Born in the mid 1940’s, I was the final child of four, and I grew up knowing that if birth control beyond the words “not tonight dear” had been available, then I would not have.
You sort of sense those things as a child, and when you accidently hear your father say it, then it pretty much confirms your suspicions.
I should have known that my father loved me, but he was one of those men who was taught by his mother that praising your children is something that you should let other people do, and so a nagging suspicion of being unwanted hung around in an area of my unconscious mind. A fear, which could far too easily be triggered into conscious thought.
My father was a rail thin ironworker. A little over six feet tall and a little over a hundred and forty pounds, and he had reached the middle of his sixth decade on this planet when he hired me to work with him on a construction job for the summer. Hiring a non-union worker, even the son of the boss, was not looked upon by the other ironworkers with favor, and my skills in “climbing the iron” did nothing to change their mind about my qualifications. But all of the men working for my father at the time accepted it without open question… Well at least I thought they had.
My first Friday on the job I was busy on the ground doing some mind numbing assembly of bolts, washers, and nuts that would be used by the other men when they were mounting the windows into the steel building frame. I heard some commotion and looked up to see one of the men on my father’s team running toward me.
“Jesus Christ, he’s going to get killed” he said, pointing back into the building. “John will kill him in a fight.”
I knew the “he” was my father, and John, a man in his thirties who was six foot four weighing at least 240 with pretty much all of it muscle was the odds on favorite in a fight with my father.
By the time I got into the building, I’d been told that John had made some pretty disparaging remarks about the son of the boss, and that my father had gone to confront him about it.
“I’ll kill you if you ever say another word about my son,” I heard my father say, and he was standing about ten feet from John who at that moment looked immense compared to my rail thin father.

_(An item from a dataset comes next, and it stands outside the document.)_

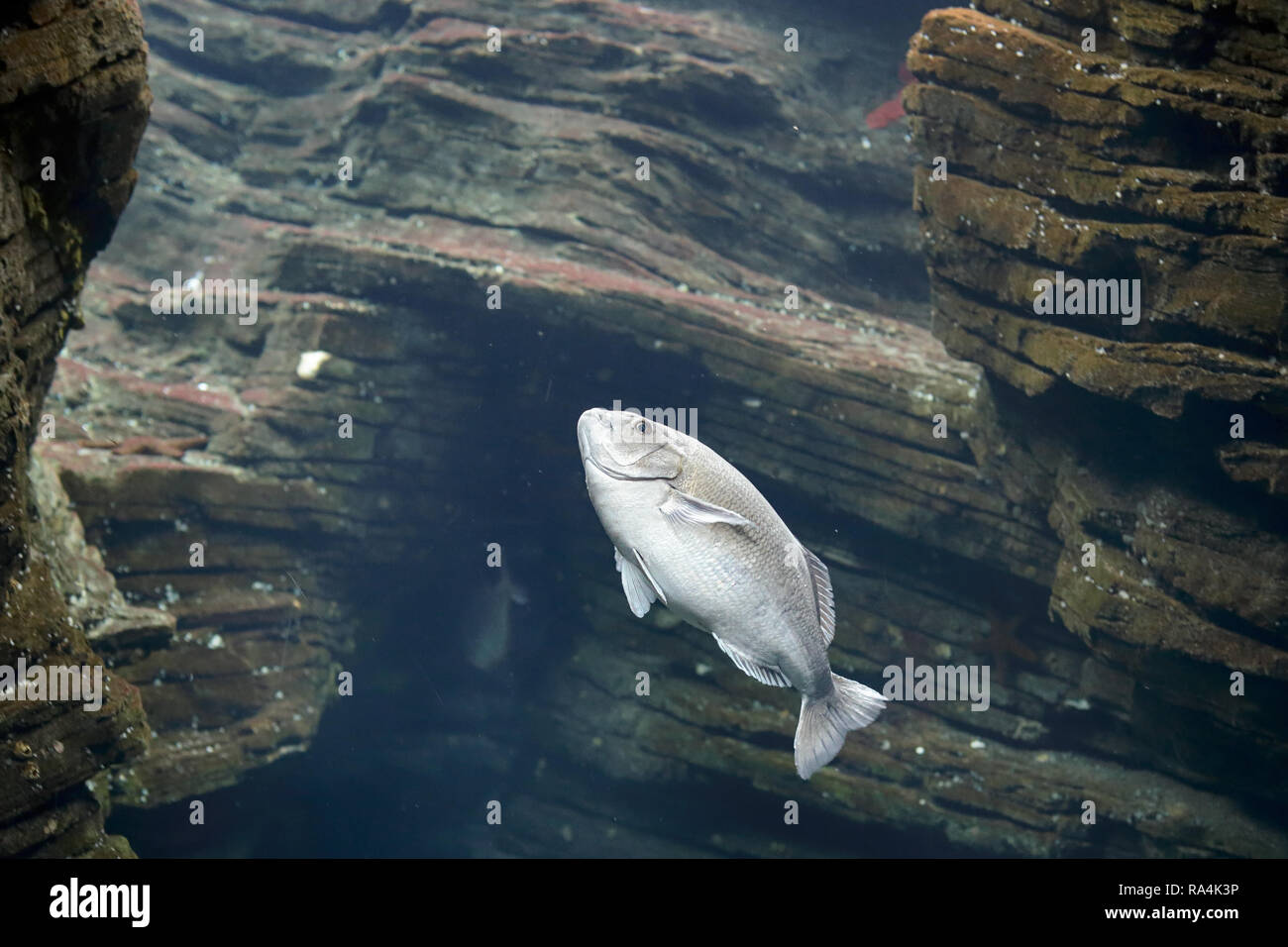 Schwimmen Fische mit interessanten uw-Licht. Aquarium Foto. Stockfoto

John, however, was the one who had the look of fright on his face, and when I looked back at my dad I saw the three-foot long steel pipe, “the equalizer” in his hand.
“Don’t ever say another word about my son,” my father repeated as John turned and then walked away mumbling.
“He’s crazy, that skinny ass old man is crazy. I ain’t getting into a fight with him.”
My father had always used the phrase “Talk softly, but always carry a big stick,” and I really understood that message, but the main impression made was that you do not have to always be told that someone loves you. Sometimes you get to see it in action.